Energies: December crude closed at $81.51 per barrel, down 34c tied to the Chinese announced tightening of bank reserve requirements. I continue to feel that with what we perceive as a continuing recession in the U.S., the largest user of energy products and the Chinese, the second largest oil market could depress prices further possibly to the $75 per barrel level or lower. Supply/demand criteria is being kept in a secondary analytical position.
Copper: December copper closed at $3.8335, up only 25c tied to the China decision to cool its inflationary economy. We remain negative if only due to our basic opinion on the U.S. labor and housing situation. Hold put positions.
Precious Metals: December gold closed at $1,352.30 per ounce, down 70c even against the weak U.S. dollar and the Chinese credit tightening announcement. The expected financial rescue package for Ireland also had little effect on gold prices. We prefer the sidelines. December silver closed at $27.315 per ounce, up 48.10c on a correction after recent long liquidation. December palladium rallied on reports of a possible depletion in Russian stockpiles closing at $703.70, up $8.20. January platinum closed at $1,671.10 per ounce, up $7.20. We now reinstate our former trading suggestion of long palladium/short platinum.
Grains and Oilseeds: December corn closed at $5.20 ¾ per bushel, down 21c on concerns over possible cuts in Chinese demand. Stay out until the supply/demand picture is clarified. After solid price gains during the year, heavy selling emerged tied mostly to the Chinese situation. December wheat closed at $6.84 per bushel, down 1/2c but held up better than corn and soybeans tied to a positive export outlook. Until the Chinese situation is clarified as to where exactly demand will be cut, we prefer the sidelines in the complex.

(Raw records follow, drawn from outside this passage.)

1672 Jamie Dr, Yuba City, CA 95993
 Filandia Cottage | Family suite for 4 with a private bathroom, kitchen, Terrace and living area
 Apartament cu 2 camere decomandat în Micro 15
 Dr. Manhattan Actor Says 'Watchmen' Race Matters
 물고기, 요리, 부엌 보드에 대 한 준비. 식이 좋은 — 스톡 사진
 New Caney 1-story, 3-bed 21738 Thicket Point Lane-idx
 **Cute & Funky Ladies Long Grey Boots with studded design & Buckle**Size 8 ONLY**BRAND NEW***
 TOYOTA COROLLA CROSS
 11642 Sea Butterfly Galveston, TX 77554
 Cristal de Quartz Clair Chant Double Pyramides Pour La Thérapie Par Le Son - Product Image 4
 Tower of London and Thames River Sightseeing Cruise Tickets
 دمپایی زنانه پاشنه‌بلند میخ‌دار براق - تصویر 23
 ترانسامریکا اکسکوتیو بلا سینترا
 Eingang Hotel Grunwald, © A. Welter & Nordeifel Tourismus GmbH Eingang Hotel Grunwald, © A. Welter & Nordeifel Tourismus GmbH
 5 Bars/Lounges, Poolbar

Same reasoning applies to soybeans where the March contract lost 40 1/4c to close at $12.09 per bushel.
Coffee, Cocoa, Sugar: December coffee closed at $1.1010 per pound, up 1.45c on declining stockpiles. We could see prices rally further assuming no surprises tied to demand. December cocoa closed at $2826 per tonne, down 70 points on possible declines in demand and on concern over China’s credit tightening policy and the global effect on producing countries. Stay out for now. March sugar closed at $26.2,c per pound, down 1.95c on less concern that rains would damage India’s harvest enough to reduce exports. We could see a resumption of buying but with the Chinese situation overhanging most markets, we prefer the sidelines.
Cotton: December cotton closed at $1.2790 per pound, limit down 6c after Thursdays sharp gains. China once again played a roll in the heavy selling Friday and could continue unless clarification of their intentions towards cotton is reported. Stay out.